There was a time not so long ago, when all we read were reports of atrocities committed against women across the country.
From sexual violence and dowry harassment to the lack of equal opportunity, India has it all. Yet, things are changing and changing for the good. There is perceptible progress that our society at large is making towards gender equality in most areas, say most activists and informed citizens.
From being an India that was obsessed with fair skin to a country that openly discusses burning issues like menstruation, public hygiene and sexual preferences, we have certainly come a long way.
Today, even adoption statistics point to a majority of girl children being given homes, unlike the past
On the 71st Army Day parade this year, Lt Bhavana Kasturi led 144 male personnel and became the first female officer to lead the Indian Army’s Service Corps (ASC) contingent.
Or for that matter, Laxmi Narayan Tripathi who is the first transgender to represent Asia Pacific in the UN.

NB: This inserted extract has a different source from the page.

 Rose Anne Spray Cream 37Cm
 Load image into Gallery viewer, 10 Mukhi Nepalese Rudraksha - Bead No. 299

Gender inequality does exist, yet, we have certainly moved on from where we were, say these spirited Pune women who shared their thoughts with Pune365.

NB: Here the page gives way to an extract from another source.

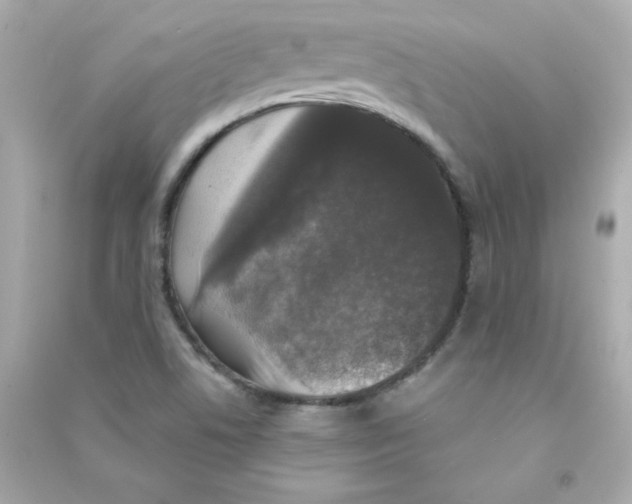 X0000090421506200708101930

“Very recently, Dhanya Sanal became victorious on India’s fight against gender discrimination by trekking on Agasthyakoodam mountain in southern Kerala, where earlier only men were allowed.
But, we did see a huge fiasco when a group of women wanted to revoke their right to worship their idol on another temple barring womEn of “menstruating age” to do so.
There are always various people of diverse ideologies looking at a point with different perspectives. But doesn’t it reflect the openness of the ‘male dominated’ society towards being welcoming to its women?
I do believe that step by step, we are reaching places and often, do not have to play the women card to prove a point. An individual’s capability is recognised and that is a stepping stone,” smiles Radha Srivastav, a team leader at a leading city corporate.
In the past three years, 60% of the children adopted in India (69% in inter-country adoptions) were girls.
Suchitra Manik, (name changed to protect privacy) an auto driver, shares how she went from being a slave at home to an independent working woman.
“After my husband passed away and left me with three children, I had two choices, either, beg on the streets with my children, or step up and take charge.
I decided for the latter and tried gathering funds to buy a vehicle. Initially, I was driving someone else’s three-wheeler, but after two years, I was able to buy by own.
It is liberating to just realise the fact people do not avail your services with pity, but react normally as they would to our male counterparts. I am today able to educate my kids in a government run school and provide them with three decent meals,” adds Manik.
“I am the fourth girl child but wasn’t denied education because of it. My parents aren’t rich enough, but giving us a decent lifestyle was what they always wished for.” Never did they ever want a son, says Harmeet Kalsi, a high school graduate.